Synthesis, Editing, and Rendering of Multiscale Textures

Han, Charles January 2011 (has links)
The study of textures---images with repeated visual content---has produced a number of useful tools and algorithms for analysis, synthesis, editing, rendering, and a variety of other applications. However, the recent rapid growth in data storage and computational abilities has expanded the notion of what constitutes a texture. Modern textures can often outstrip traditional assumptions on input size by several orders of magnitude. Additionally, these multiscale textures typically contain features at not just one scale but rather across a wide range of scales, further violating existing assumptions. In order to meaningfully capture the large-scale features present in multiscale textures, we introduce a new example-based input representation, the exemplar graph. This representation enables allows us to efficiently define textures spanning a large--or possibly infinite--range of visual scales. We develop a hierarchical, parallelizable algorithm for performing texture synthesis from an input exemplar graph. In addition to automated generation, an increasingly important application of texture synthesis is in interactive tools for guiding texture design. This modality is especially important for multiscale textures, as they offer special perceptual challenges to artists. We examine algorithmic and engineering optimizations to enable real-time analysis and synthesis of multiscale textures, and explore potential implications for editing tools.

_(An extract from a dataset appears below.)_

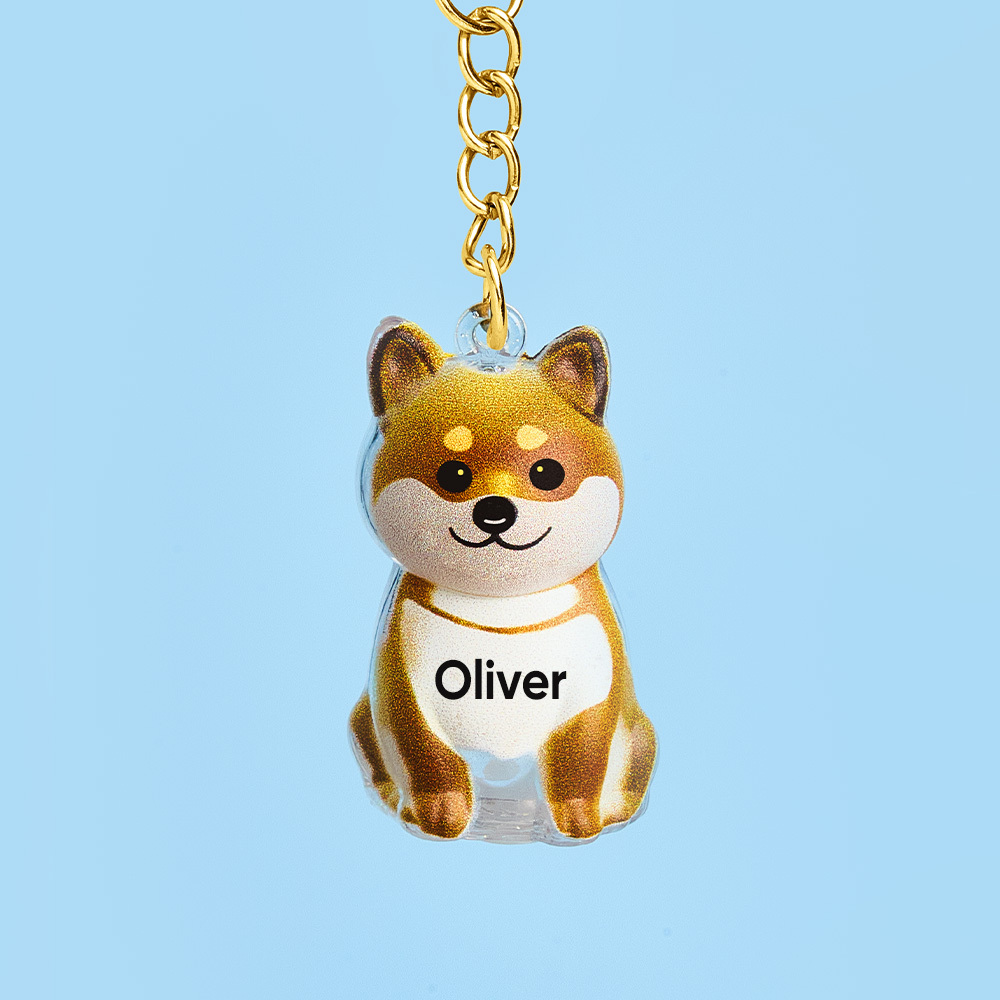 Dog Hair Collector Keychain Bag Charm Memorial Storage Box Sentimental Perfect for Storing Pet Hair Gift for Dog Lovers - CustWit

Finally, we study the issue of display. To accurately view a large image at distance, some filtering operation must be performed. In many cases, such as traditional color images, the filtering operations are well-known. However, other texture representations, such as normal or displacement maps, present special difficulties for filtering. We treat the former case, presenting a principled analysis and algorithms for filtering and display of large normal maps.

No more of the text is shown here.